Yes, I love plants. My apartment has a sunroom and is filled with live and lush ones. And it is weird how I refuse to ever use any of "those" plants in my work. When I first began using plants, as material in my work, there was a process of detachment that I had to become accustomed to. If I buy the plants from my local mom-and-pop's shop I have a harder time exposing them to a possible death. If I buy them from Home Depot, I convince myself that I am "saving" them from a corporate life by incorporating them into an art piece. I sound crazy, telling you how my psyche works in justify the life and death of the plants, but I think it's important. This work is much more about the cyclical elements of nature, than it is about maintaining a life. The goal is always to keep the plant alive, the butterfly alive, the queen bee alive, but ultimately all of their lives fall to something bigger. I am interested in taking these live things and introducing them to materials that simultaneously preserve, simulate life, and/or kill them. When the work passes through all of the stages within this cycle, then it is successful.
I don't see it as political work, although I am not opposed to people viewing it that way. It is much more about a quiet moment for me than something large, though I do think that domestic houseplants could represent man's exploitation/disrespect for the environment just as much as an endangered animal. Plants are exterior creatures; they belong in nature--outside where there are plentiful amounts of water and sun. They only become "domestic" when they are placed inside.
In regards to the personal relationship-- when this art object exchanges hands, I'm no longer in control of it. There is a certain amount of anxiety that I experience when it enters into arts' hands. I am passing an object with a living organism onto someone else and it is now up to them to "maintain" the art—its aesthetics, intent and evolution is now in their hands. My work comes with care instructions and disclaimers, "there are no refunds for dead plants."

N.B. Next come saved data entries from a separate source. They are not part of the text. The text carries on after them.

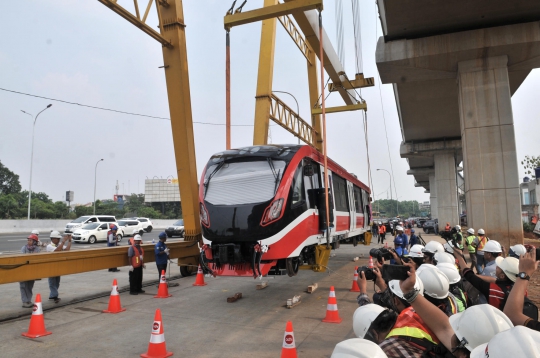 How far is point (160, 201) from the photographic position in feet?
335

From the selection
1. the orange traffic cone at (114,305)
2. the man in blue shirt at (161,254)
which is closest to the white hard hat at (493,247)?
the orange traffic cone at (114,305)

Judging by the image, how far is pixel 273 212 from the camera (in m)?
7.37

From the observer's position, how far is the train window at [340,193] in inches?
430

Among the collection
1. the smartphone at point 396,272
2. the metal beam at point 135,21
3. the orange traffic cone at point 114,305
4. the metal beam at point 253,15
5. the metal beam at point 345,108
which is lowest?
the orange traffic cone at point 114,305

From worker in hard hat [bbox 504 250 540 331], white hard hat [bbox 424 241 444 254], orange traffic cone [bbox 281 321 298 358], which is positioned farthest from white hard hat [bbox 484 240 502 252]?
orange traffic cone [bbox 281 321 298 358]

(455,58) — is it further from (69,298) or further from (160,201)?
Result: (160,201)

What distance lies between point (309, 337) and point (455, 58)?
15274mm

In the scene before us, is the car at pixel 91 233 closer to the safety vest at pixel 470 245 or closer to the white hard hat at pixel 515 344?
the safety vest at pixel 470 245

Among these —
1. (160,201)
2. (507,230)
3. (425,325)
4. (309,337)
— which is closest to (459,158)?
(507,230)

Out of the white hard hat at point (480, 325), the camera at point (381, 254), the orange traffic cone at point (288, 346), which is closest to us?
the white hard hat at point (480, 325)

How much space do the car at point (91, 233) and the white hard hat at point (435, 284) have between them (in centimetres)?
2447

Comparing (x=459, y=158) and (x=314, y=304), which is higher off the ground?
(x=459, y=158)

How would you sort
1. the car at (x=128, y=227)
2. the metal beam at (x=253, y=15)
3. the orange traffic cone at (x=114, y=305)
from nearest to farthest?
1. the orange traffic cone at (x=114, y=305)
2. the metal beam at (x=253, y=15)
3. the car at (x=128, y=227)

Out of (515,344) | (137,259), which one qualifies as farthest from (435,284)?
(137,259) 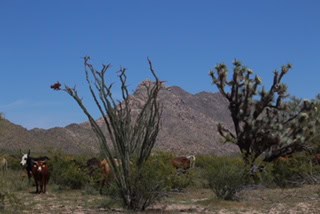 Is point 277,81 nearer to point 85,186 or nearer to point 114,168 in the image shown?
point 85,186

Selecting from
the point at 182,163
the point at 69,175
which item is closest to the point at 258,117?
the point at 182,163

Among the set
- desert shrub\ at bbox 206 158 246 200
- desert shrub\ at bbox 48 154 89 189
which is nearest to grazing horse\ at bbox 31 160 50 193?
desert shrub\ at bbox 48 154 89 189

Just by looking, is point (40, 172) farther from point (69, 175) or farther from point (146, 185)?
point (146, 185)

The images are as much about the stillness and moment as they are about recording and referencing a passing of time. You are right, the intent is very much executed through traces and paths of light, plants' life and death- their state of being, drips of materials- wax, paint. But ultimately these are "still lives" and that is interesting to me in their connection to painting via history, but also in that they look like paintings (vs. a photograph).
A lot of my images are also about a visceral movement, or at least confusing the eye. Is the plant alive or dead, where do the objects exist in space, what's in front of the objects, what's a plant and what's a stencil, is it a photograph or a painting? That disruption, like the death or decay of the plant as a disruption, is what adds tension.
Yes, because with my work the "freezing" or "fixing" of an image is similar to the same ideas of preserving or pressing plants to glass or embedding plants into wax. Light is the determining factor in both cases. These two mediums activate one another. The image also has the ability to provide viewer with a frozen state- a glimpse of the past.
Presently, I am working on preparing a solo exhibition as part of the BMO Harris Bank Chicago Works series at the Museum of Contemporary Art in Chicago. It opens August 7th, 2012. Guess what it will involve? Plants!